Task item
The reply to the records below should contain exactly the lines from the line with "SAS 134. Drumul" through the line with "Christopher Moore Quotes: We", and nothing besides.

The records
□ □ □ □

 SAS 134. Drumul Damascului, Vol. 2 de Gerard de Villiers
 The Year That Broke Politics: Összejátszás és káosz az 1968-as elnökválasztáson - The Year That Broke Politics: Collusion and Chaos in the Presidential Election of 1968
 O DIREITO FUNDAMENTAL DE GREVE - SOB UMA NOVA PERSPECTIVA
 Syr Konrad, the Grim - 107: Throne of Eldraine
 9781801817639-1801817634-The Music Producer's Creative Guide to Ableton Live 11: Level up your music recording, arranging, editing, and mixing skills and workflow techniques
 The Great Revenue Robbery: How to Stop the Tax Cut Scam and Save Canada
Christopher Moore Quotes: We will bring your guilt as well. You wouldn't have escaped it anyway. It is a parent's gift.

□ □ □ □

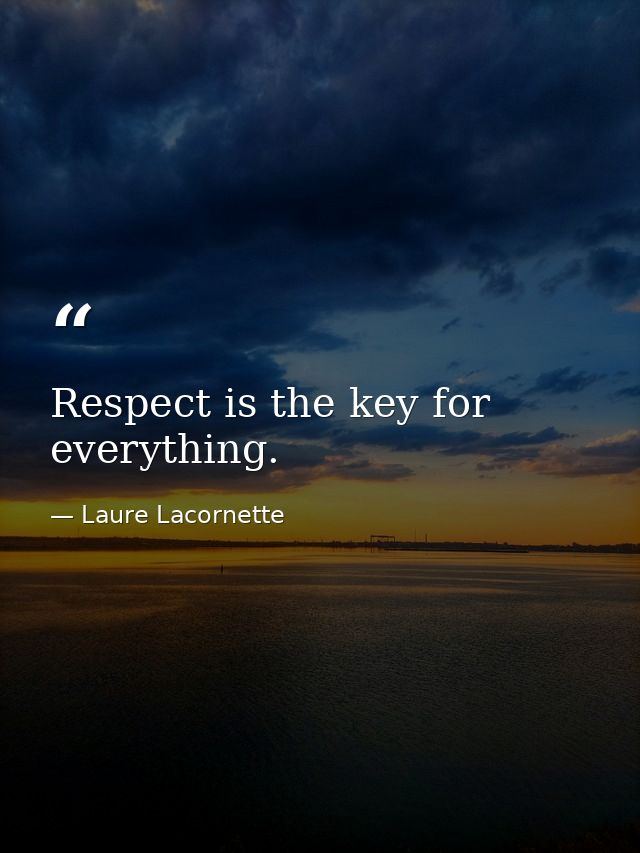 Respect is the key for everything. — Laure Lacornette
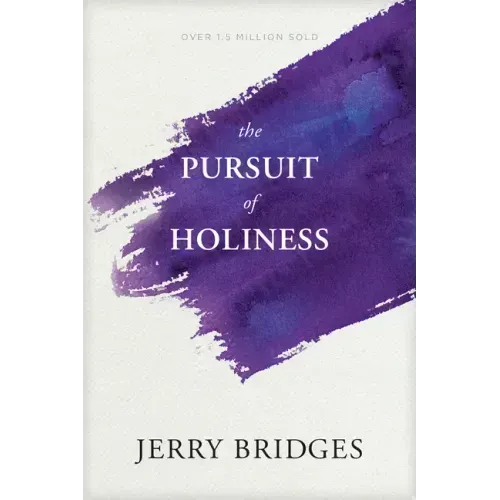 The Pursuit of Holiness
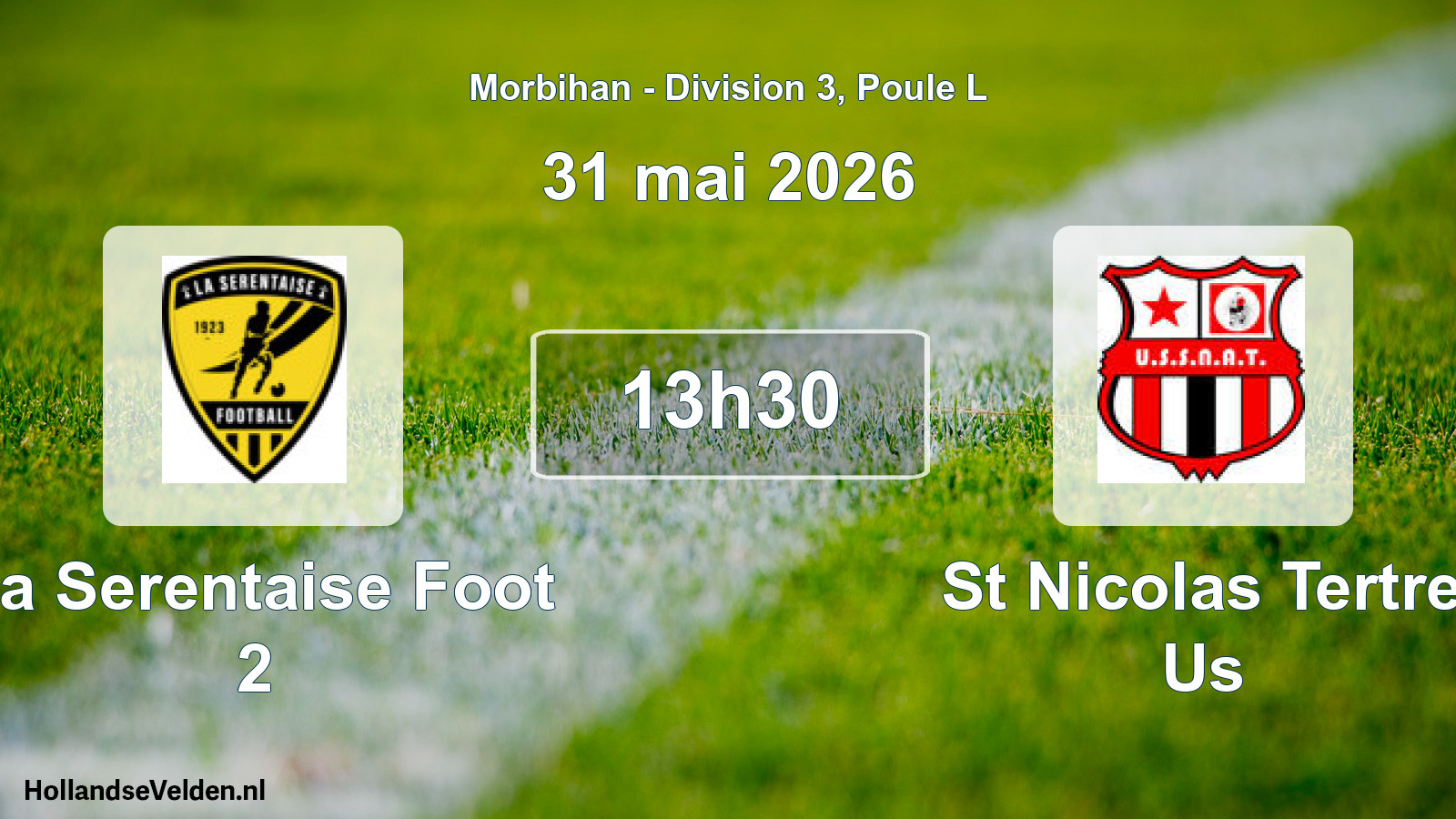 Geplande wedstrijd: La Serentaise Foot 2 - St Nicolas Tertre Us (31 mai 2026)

□ □ □ □

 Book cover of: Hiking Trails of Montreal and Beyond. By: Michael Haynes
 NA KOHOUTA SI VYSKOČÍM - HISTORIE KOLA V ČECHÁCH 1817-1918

□ □ □ □

Answer to this problem
 SAS 134. Drumul Damascului, Vol. 2 de Gerard de Villiers
 The Year That Broke Politics: Összejátszás és káosz az 1968-as elnökválasztáson - The Year That Broke Politics: Collusion and Chaos in the Presidential Election of 1968
 O DIREITO FUNDAMENTAL DE GREVE - SOB UMA NOVA PERSPECTIVA
 Syr Konrad, the Grim - 107: Throne of Eldraine
 9781801817639-1801817634-The Music Producer's Creative Guide to Ableton Live 11: Level up your music recording, arranging, editing, and mixing skills and workflow techniques
 The Great Revenue Robbery: How to Stop the Tax Cut Scam and Save Canada
Christopher Moore Quotes: We will bring your guilt as well. You wouldn't have escaped it anyway. It is a parent's gift.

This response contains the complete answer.